PROBLEM TO SOLVE ▸
Each record below is to be copied word for word, with pictures removed.

DATA IN THIS EXERCISE ▸
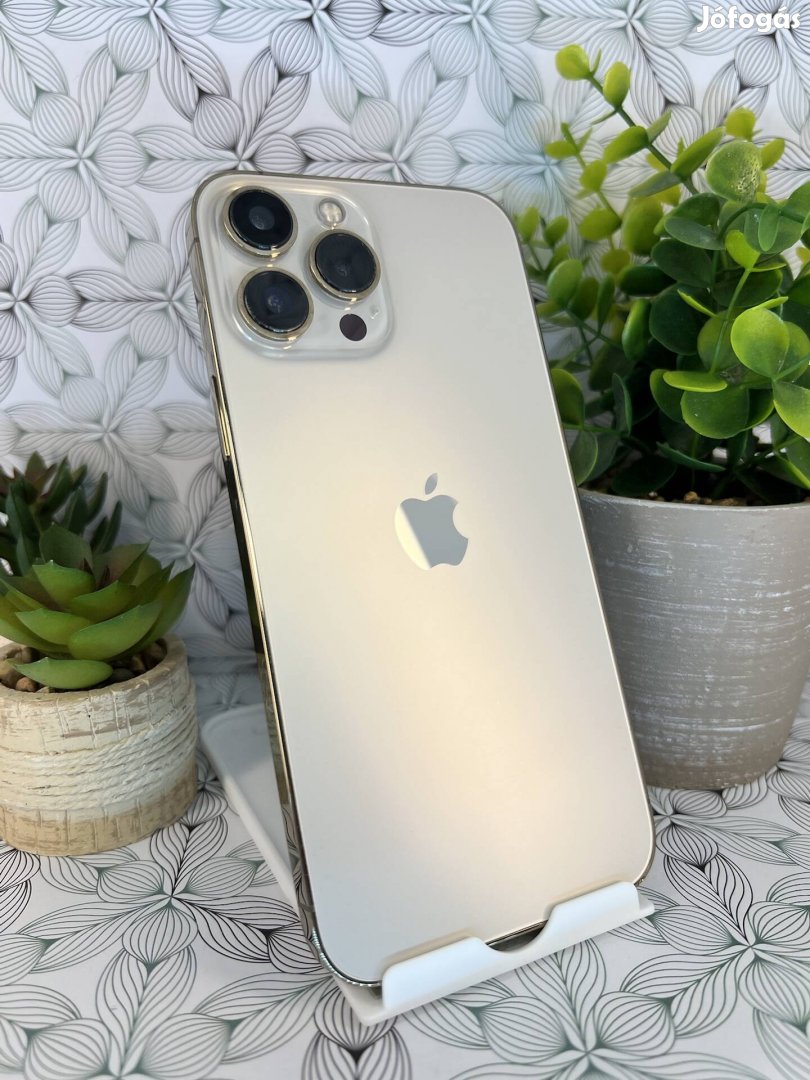 Iphone 13 Pro Max-128Gb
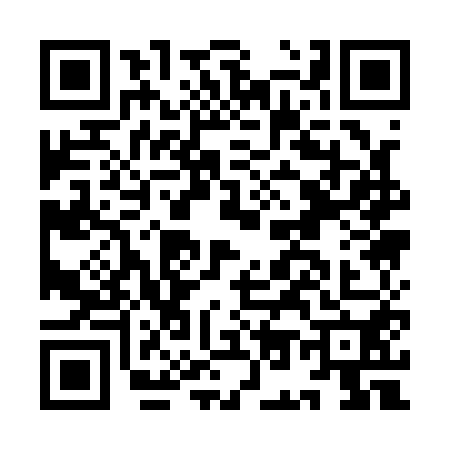 QR code for IO11502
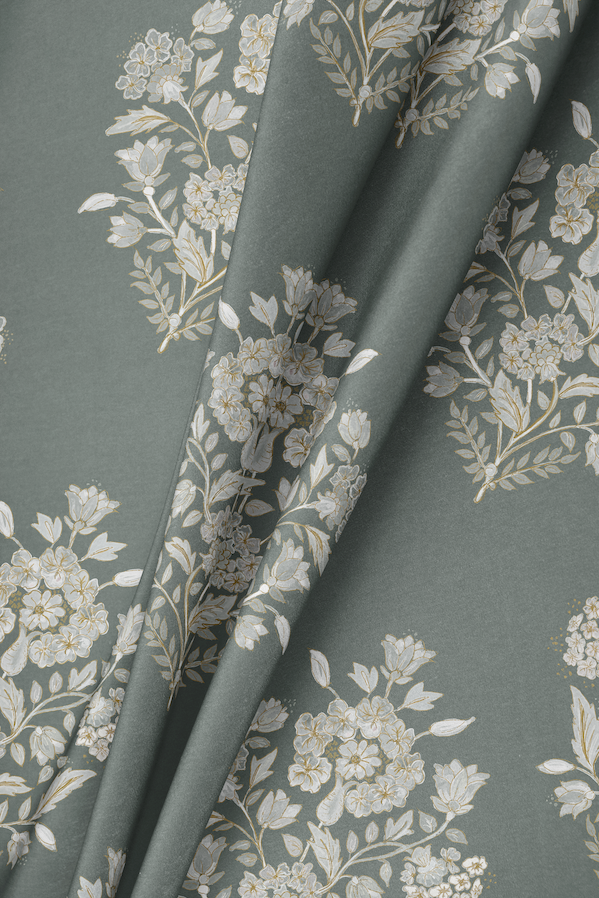 Westport Damask
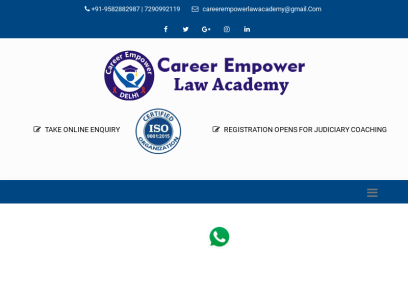 careerempowerlawacademy.com.png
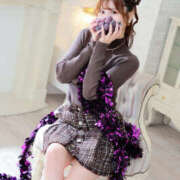 ヒメ日記 2025/09/29 19:24 投稿 シャネル NEW GENERATION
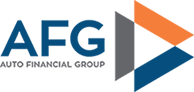 Auto Financial Group Logo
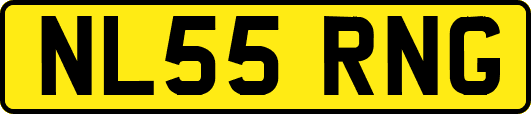 NL55RNG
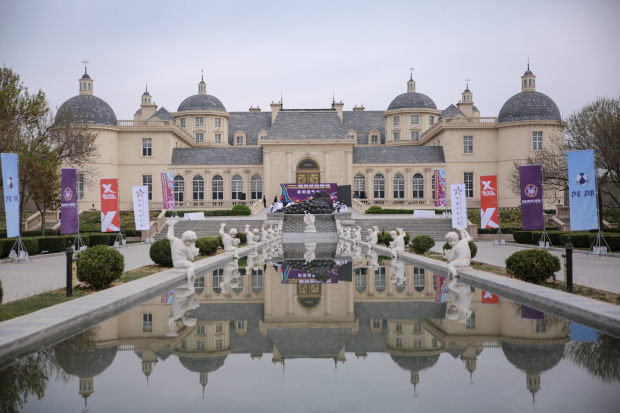 image005 (2).jpg image005 (2).jpg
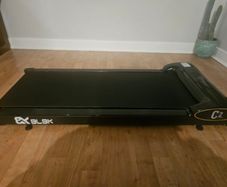 walking pad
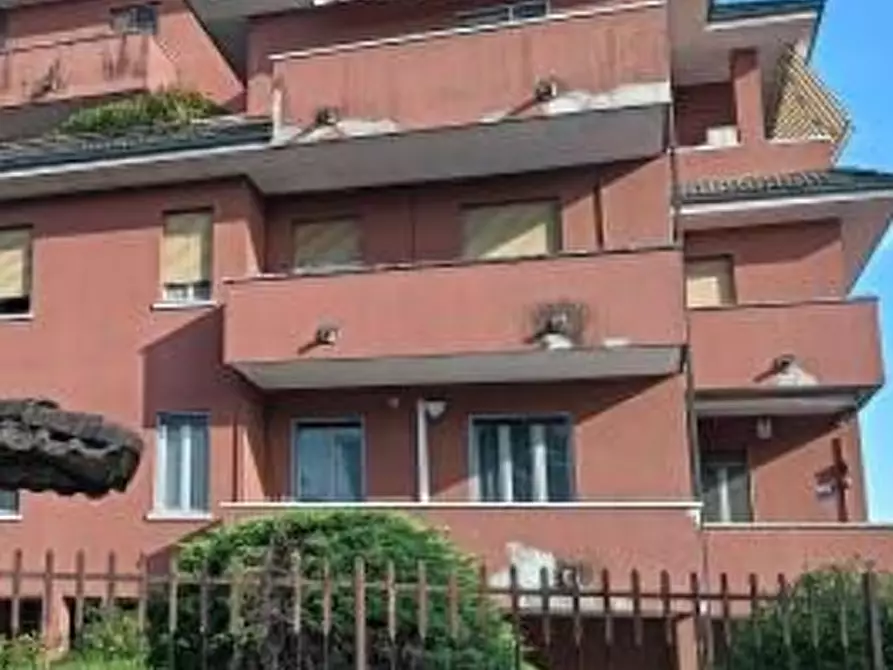 Immagine 3 di Appartamento in vendita  in Via Armando  Diaz  a Sant'angelo Lodigiano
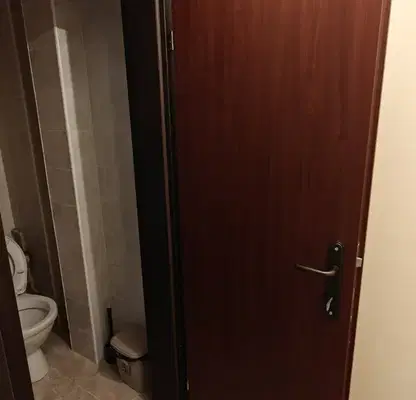 Photo 3 — Office in Stara Zagora, Centyr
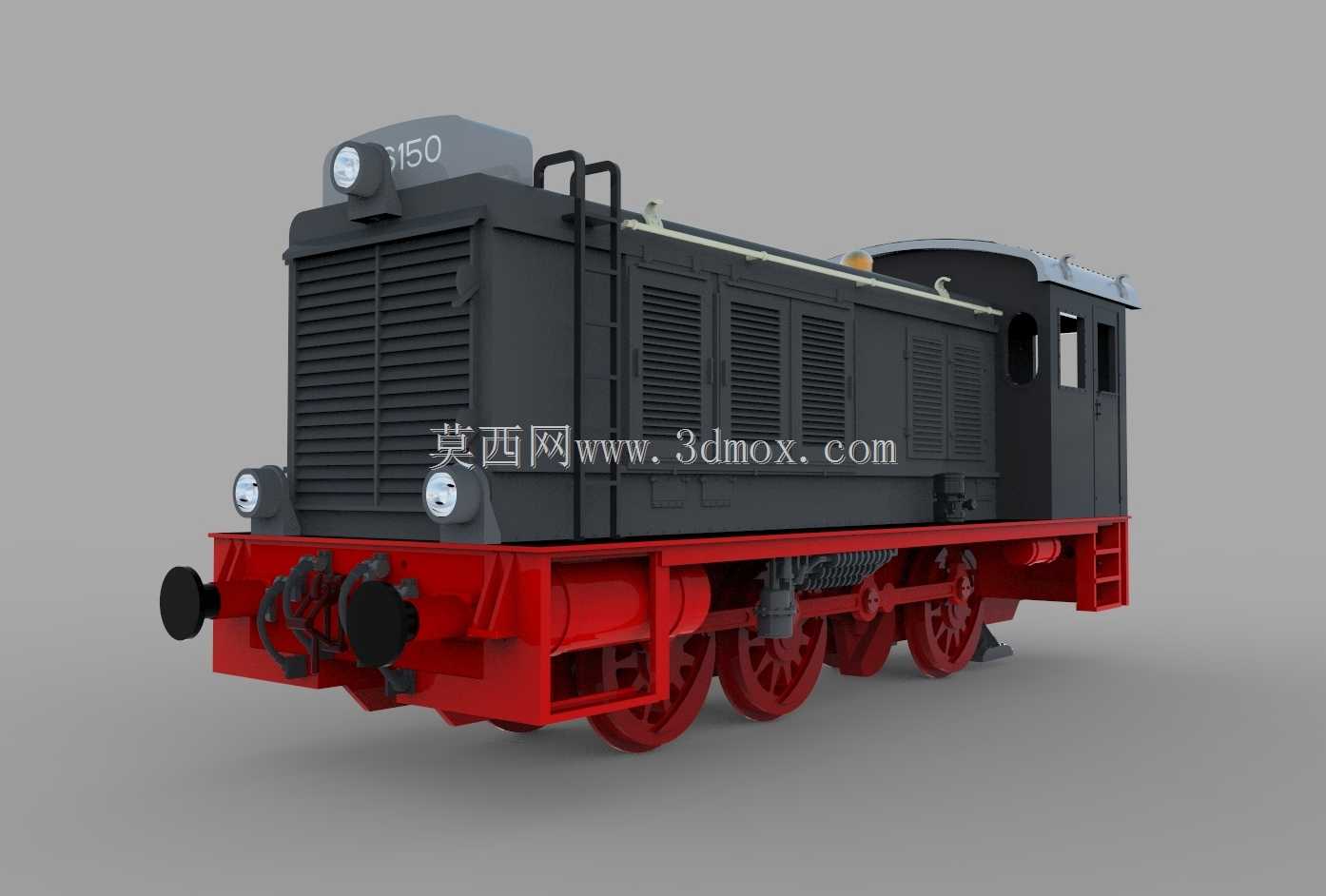 V36���г�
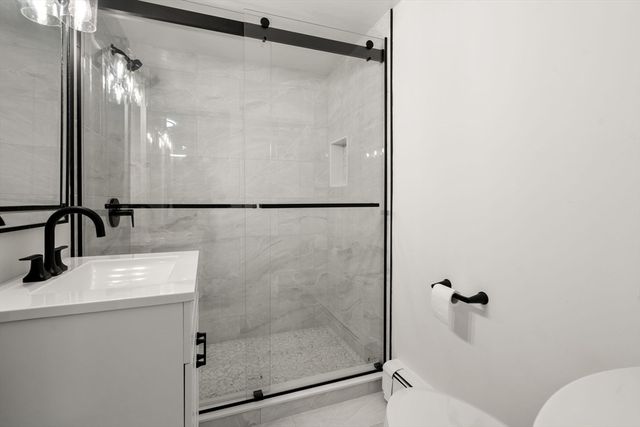 31 College Road, Wellesley, MA 02482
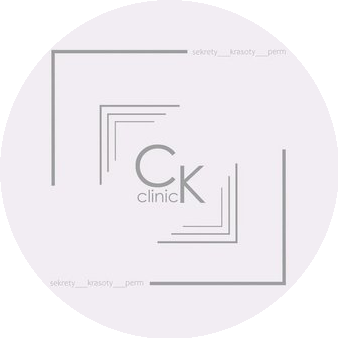 Клиника эстетической медицины Секреты Красоты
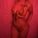 xx.starr.xx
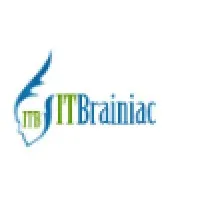 ITBrainiac Inc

EXERCISE RESPONSE ▸
 Iphone 13 Pro Max-128Gb
 QR code for IO11502
 Westport Damask
 careerempowerlawacademy.com.png
 ヒメ日記 2025/09/29 19:24 投稿 シャネル NEW GENERATION
 Auto Financial Group Logo
 NL55RNG
 image005 (2).jpg image005 (2).jpg
 walking pad
 Immagine 3 di Appartamento in vendita  in Via Armando  Diaz  a Sant'angelo Lodigiano
 Photo 3 — Office in Stara Zagora, Centyr
 V36���г�
 31 College Road, Wellesley, MA 02482
 Клиника эстетической медицины Секреты Красоты
 xx.starr.xx
 ITBrainiac Inc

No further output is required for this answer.